You know perceptions are everything…one statistic says 6% of Black men interracially marry, which is still extremely low when compared to other groups. Without researching this right off hand, I wouldn’t doubt this perspective is based on mostly observing Black men who are highly educated and are in the executive and/or more white-collar world. Because this group is smaller and more concentrated in a particular income strata, by perception, in comparison to the blue-collar brothers and the broader Black community this groups marital choices are probably more noticeable. And I wouldn’t be surprised that they are interracially marrying in higher numbers and make up a large part of that 6% than brothers who are tradesmen, blue collar workers and who are in the service industries.

So by perception, it only looks like our greatest, best and brightest are marrying non-blacks, if you use just higher education and higher incomes as your only profile.


Peace
 
karmashines said:
And if a nation is dealing with poverty so extreme that people can't eat, then that's another situation where people need to consider is it appropriate to have a baby at that time?

But that is not the reason why educated or professional Black women in the west do not want to have children. It's more about selfishness and perception rather than financial issues or facts. I think they have been bamboozled about the Black males image.

“Mind control = womb control” in the Black community, the white supremacist erotic and heavenly dream all together.
 
Sun Ship said:
For some reason, there are too many times a “beyond reasonable” attack on and generalization of all Black men, that surreptitiously cloaks itself as a proper critique of absent Black fathers. And I have never shied from the real event of splintered Black families, and the problems of Black fathers connecting with their children. But I just don’t want to go into a propaganda-fostered twilight zone intended to just demean and dehumanize Black people, male or female. For many times we are used as the white man’s scapegoat and there are still those who would love to expedite the decline and demise of the Black family and all African people worldwide!



Peace:cool:

Gee, a few weeks ago, I was blasted on here by a Brotha who felt I was being way too sympathethic to, in his words several "generations of Black men who have abandoned their children." Now, you're accusing me of a "beyond reasonable attack" that is "surreptititously cloaked" against absent Black fathers. LOL!! Y'all never stop.
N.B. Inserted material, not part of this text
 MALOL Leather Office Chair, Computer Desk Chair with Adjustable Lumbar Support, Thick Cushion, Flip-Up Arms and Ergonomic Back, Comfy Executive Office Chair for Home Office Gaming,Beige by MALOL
It's okay with me because ya know what, Bro. Sun Ship, I've decided that whatever y'all say, I'm NEVER going to be one of those Sistas caught out there with a whole bunch of babies to fend for all on my own. Then if I go crazy from all the stress and make headlines, I can just imagine some of the posts on here from some of y'all blaming me for "not choosing" the right Black man, just like some on here constantly blame other Sistas for choosing the wrong Black man or not bringing up the kids right.

What's ironic is now that the message has finally gotten through to some of us Sistas to stop having all these babies that we can't handle on our own, now some of you are trying to push us back to where we came from.

Ya know, I truly wish I could give you all of my eggs and let you have all the babies that you would wish upon me. I wonder whether you'd really have all those babies and take that great big chance of having to raise them all alone.
 
Sun Ship said:
But that is not the reason why educated or professional Black women in the west do not want to have children. It's more about selfishness and perception rather than financial issues or facts. I think they have been bamboozled about the Black males image.

“Mind control = womb control” in the Black community, the white supremacist erotic and heavenly dream all together.

While I don't disagree that there's a lesser amount of kids being born to many black women, I don't think it's from the reasons you stated. Professional people tend to want to wait until they get themselves established to have kids. And then when they do have them it's sort of expensive to take care of them and still have a career. The cost of daycare is absolutely ridiculous nowadays.